According to the group, an unnamed noncommissioned officer wrote in an email to MRFF that a commander had urged officers “to tell our troops that this was all part of God’s divine plan,” and he specifically referenced numerous citations out of the Book of Revelations referring to Armageddon and the imminent return of Jesus Christ.
The report in MRFF, picked up already by various media outlets beyond those normally associated with online conspiracy theories, explained that the commander had told the unit that Trump “has been anointed by Jesus to light the signal fire in Iran to cause Armageddon and mark his return to Earth.”
Such reports would be serious enough even if the increasing of right-wing Christian nationalist support for Trump’s war was limited to certain Pentagon and military officials. Top civilian officials in the government, however, have clearly joined the effort.
Last month, Mike Huckabee, the U.S. ambassador to Israel, told right-wing commentator Tucker Carlson that it would be “fine” if Israel took “essentially the entire Middle East” because it was promised that land in the Bible.
In addition to the aforementioned remarks by Rubio, saying Iran is “run by religious fanatic lunatics,” there are similar claims based on religion being made by others.
In a Pentagon press conference, Secretary of Defense Pete Hegseth declared: “Crazy regimes like Iran, hell-bent on prophetic Islamic delusions, cannot have nuclear weapons.” Israel, which Huckabee said is entitled to the entire Middle East, already has nuclear weapons.
In a statement, the Committee on American Islamic Relations (CAIR) said that Hegseth’s words are “an apparent reference to Shia beliefs about religious figures arising near the end times.”
Israeli Prime Minister Benjamin Netanyahu, like Christian nationalists in the U.S., is deeply involved in using religion to justify war. He referenced the Torah recently to compare Iran with an ancient biblical enemy of the Jews, the Amalekites.
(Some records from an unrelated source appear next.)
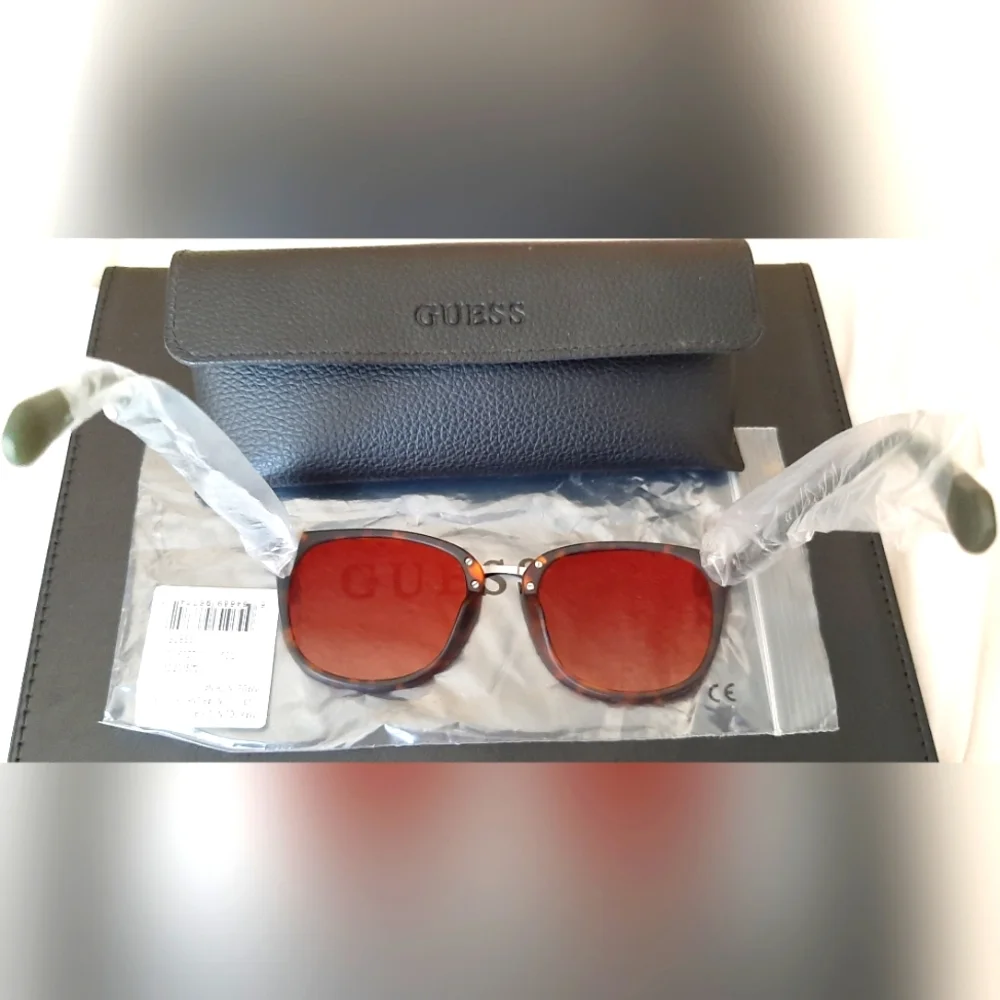 Guess Dark Havana Sunglasses *NWT* - Picture 12 of 16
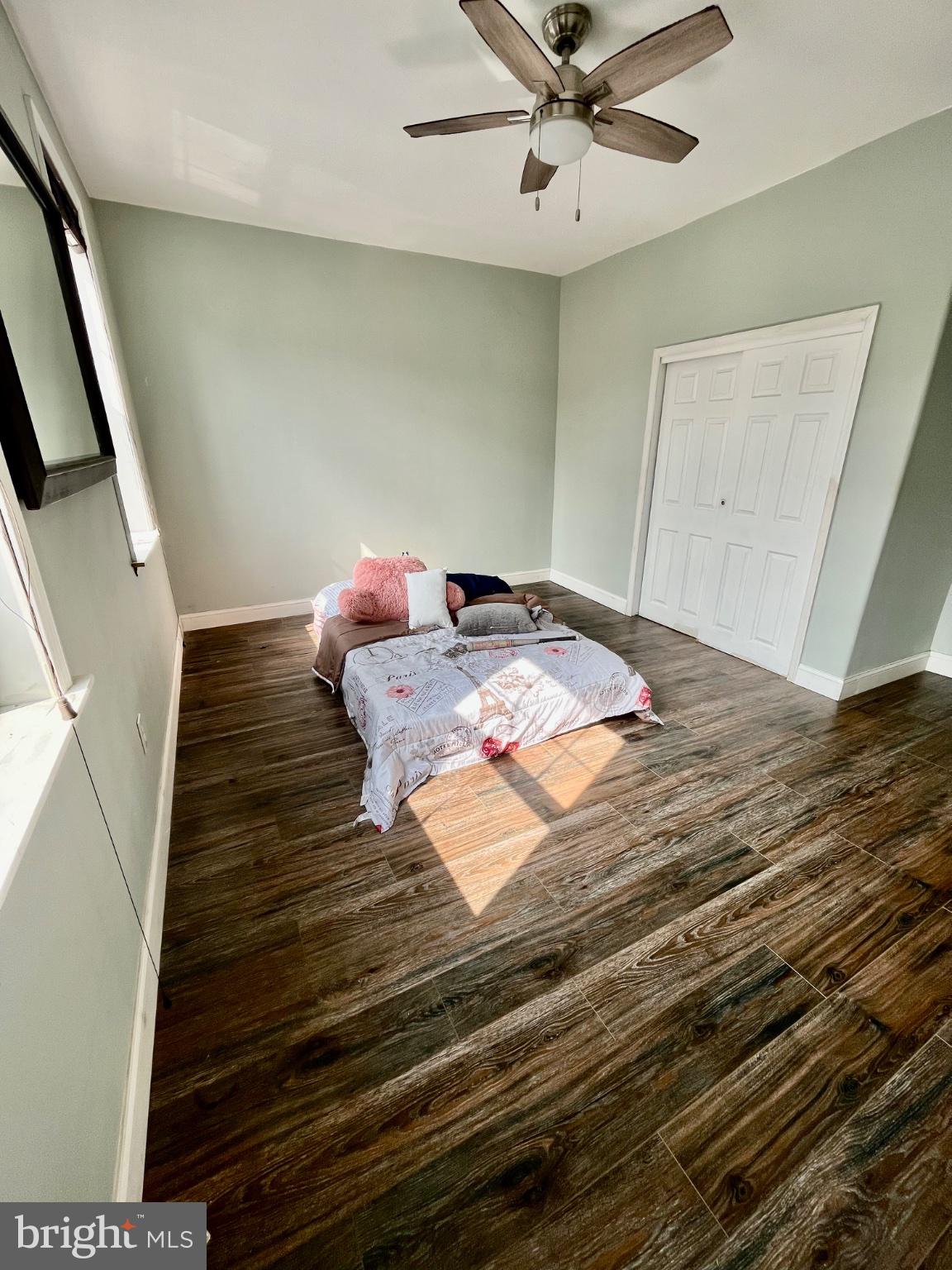 POINT BREEZE - Residential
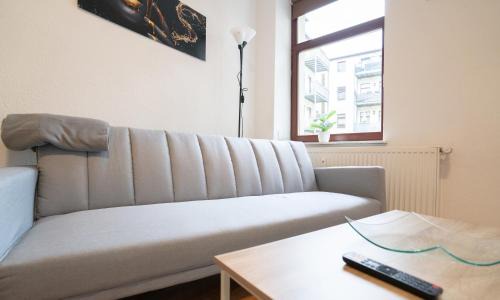 Sudenburg Apartment | Helles Apartment nähe Uni-Klinik mit Super Lage - W-Lan - Balkon in den Innenhof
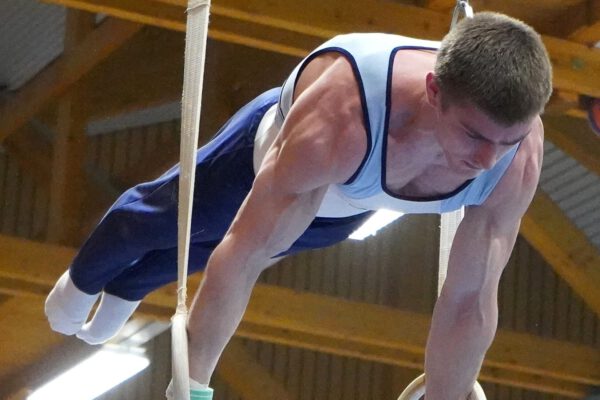 Ebenso geht ein besonderer Dank an die Turnabteilungen aus Isselhorst und Steinhagen, die die Mannschaft während der Renovierung des Leopoldshöher Turnzentrums über die gesamte Saison hinweg mit zahlreichen Trainingsmöglichkeiten unterstützt haben. Diese Zusammenarbeit hat wesentlich dazu beigetragen, dass die Turner des TuS Leopoldshöhe Woche für Woche starke Leistungen zeigen konnten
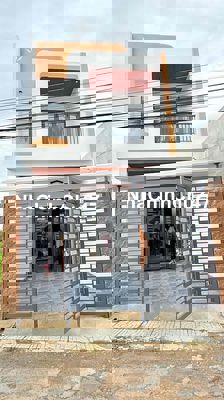 Chính chủ Bán nhà lầu ngay Chợ, Trường Học, trả trước 800tr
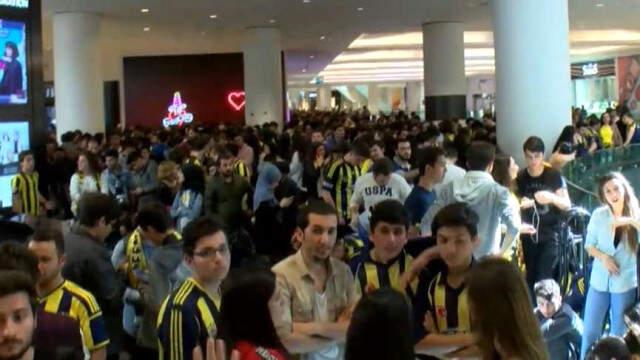 Fenerbahçeli Taraftarların Alex De Souza Heyecanı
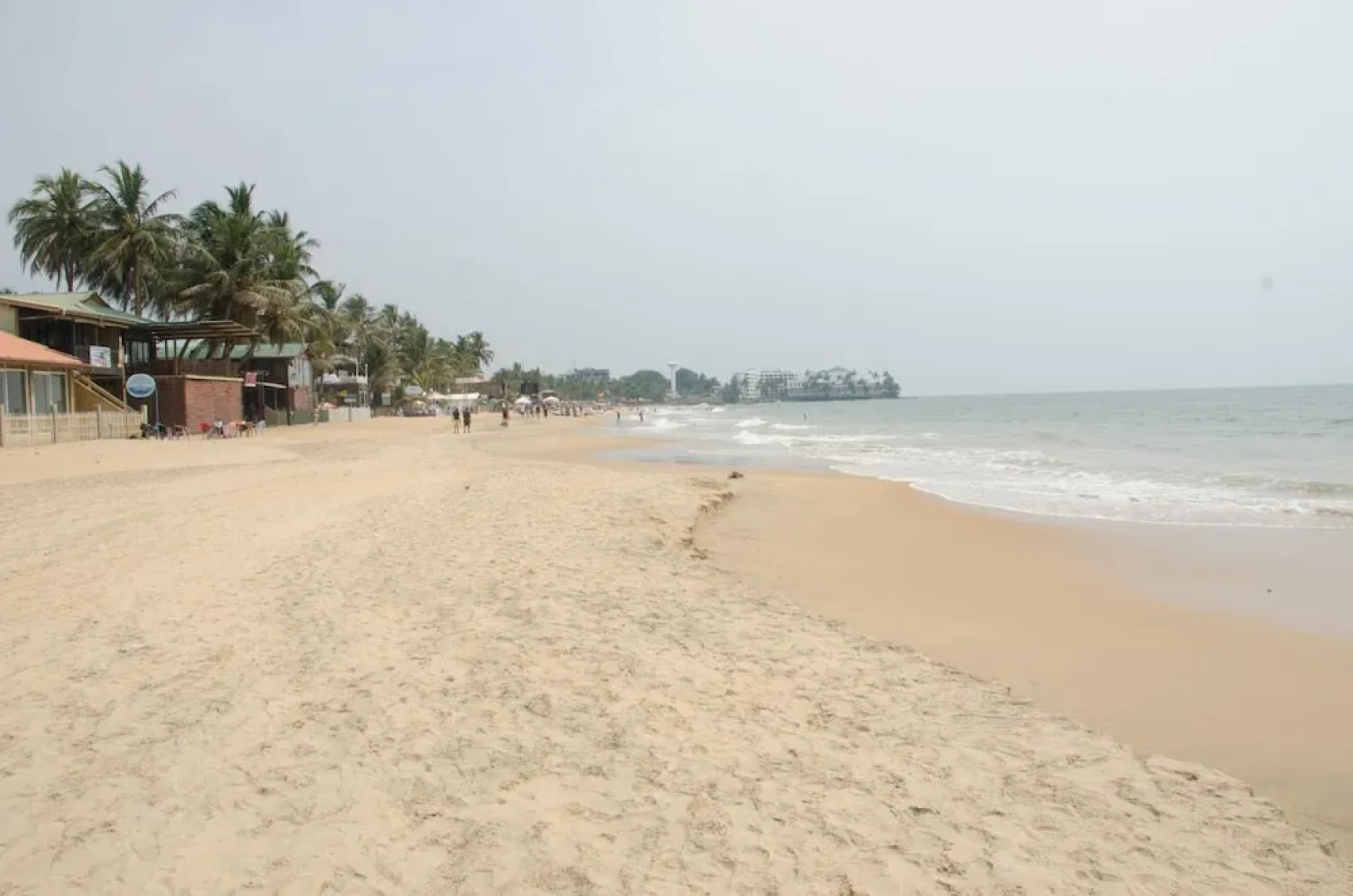 Lavinia Beach Hostel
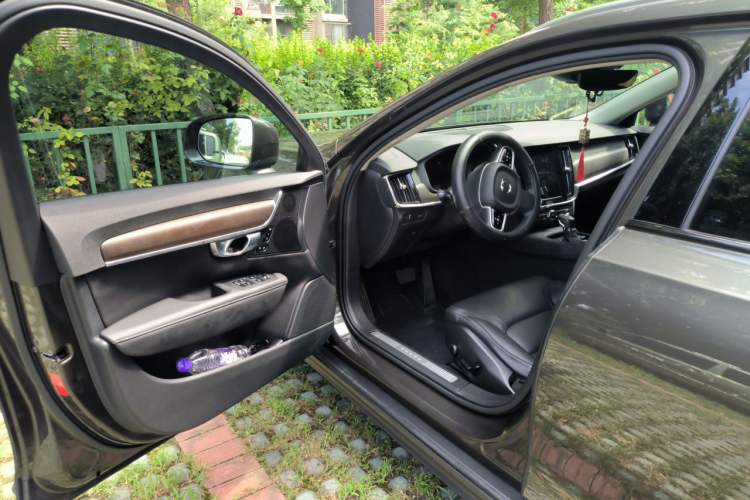 Used Volvo V90 2017 Cross Country T5 AWD Smart Range Edition Driver Seat
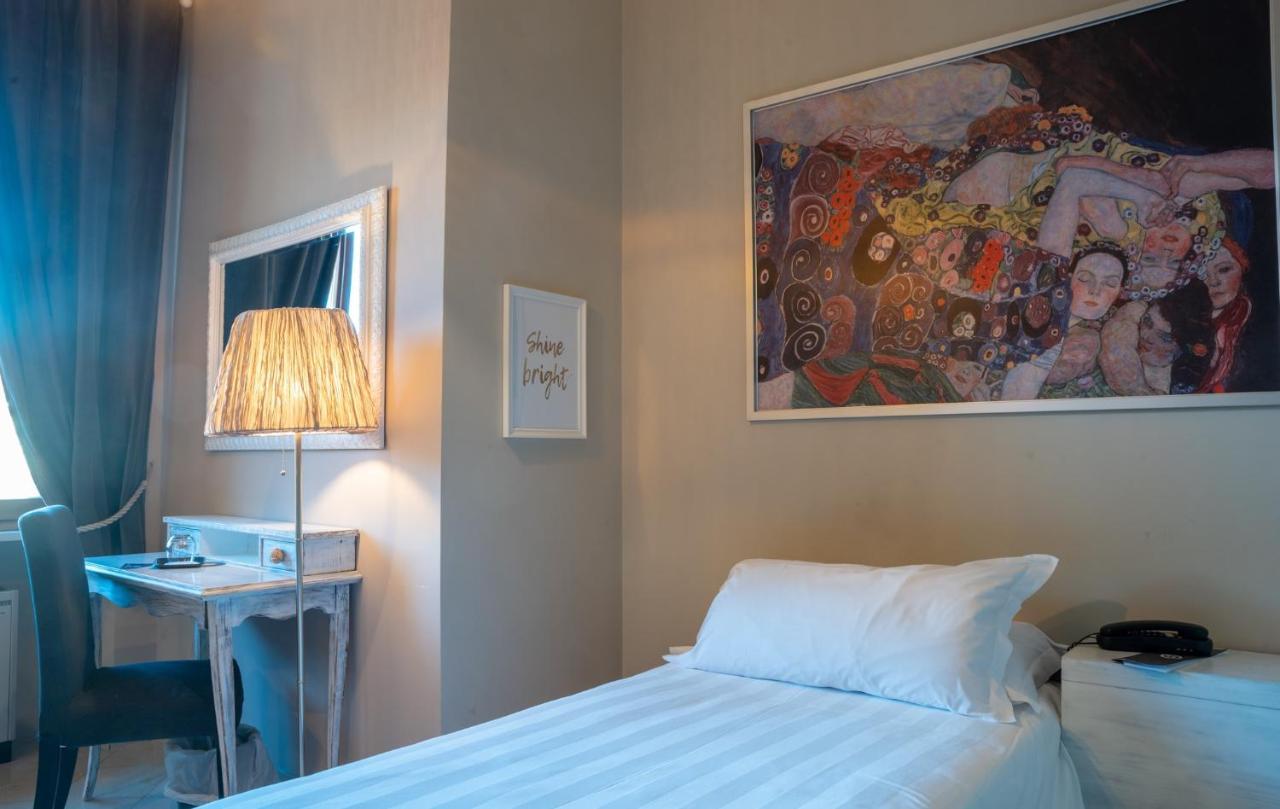 Th - Carpegna Palace Hotell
The “Amalek” are used to represent evil in some Jewish religious traditions, but are used by right-wing politicians in Israel today who compare them with modern-day Iranians.
Netanyahu said in a recent speech that “We read in this week’s Torah portion, ‘Remember what Amalek did to you.’ We remember—and we act.” CAIR, in a statement, said: “We are not surprised to see Benjamin Netanyahu once again using the biblical story of Amalek—which claims that God commanded the Israelites to murder every man, woman, child and animal in a pagan nation that attacked them—to justify Israel’s mass murder of civilians in Iran, just as it did in Gaza.”
Taking note of support for and then condemning Christian nationalism in the highest levels of the Pentagon, CAIR noted that “Mr. Hegseth’s derisive comment about ‘Islamist prophetic delusions,’ an apparent reference to Shia beliefs about religious figures arising near the end times, was unacceptable. So is U.S. military commanders telling troops that war with Iran is a biblical step towards Armageddon?”
By describing the war on Iran as a ”holy war,” students of the Jewish, Christian, and Muslim scriptures say there is an attempt to use religion and religious beliefs to justify war and violence, and to increase opinion in favor of and support for the war. They try to tell people that “God is on our side,” the biblical experts note.
A video on social media shows John Hagee delivering a sermon promoting the U.S. assault on Iran. Hagee said that Russia, Turkey, “what’s left of Iran,” and “groups of Islamics” will march into Israel. He predicts “God will crush the adversaries of Israel.” With Christian “friends” like Hagee, however, many students of the bible point out that Israel does not need enemies. Hagee and other Christian nationalists promote a biblical interpretation of the Book of Revelation that we must fight to save Israel now so that it can be destroyed when Jesus Christ returns.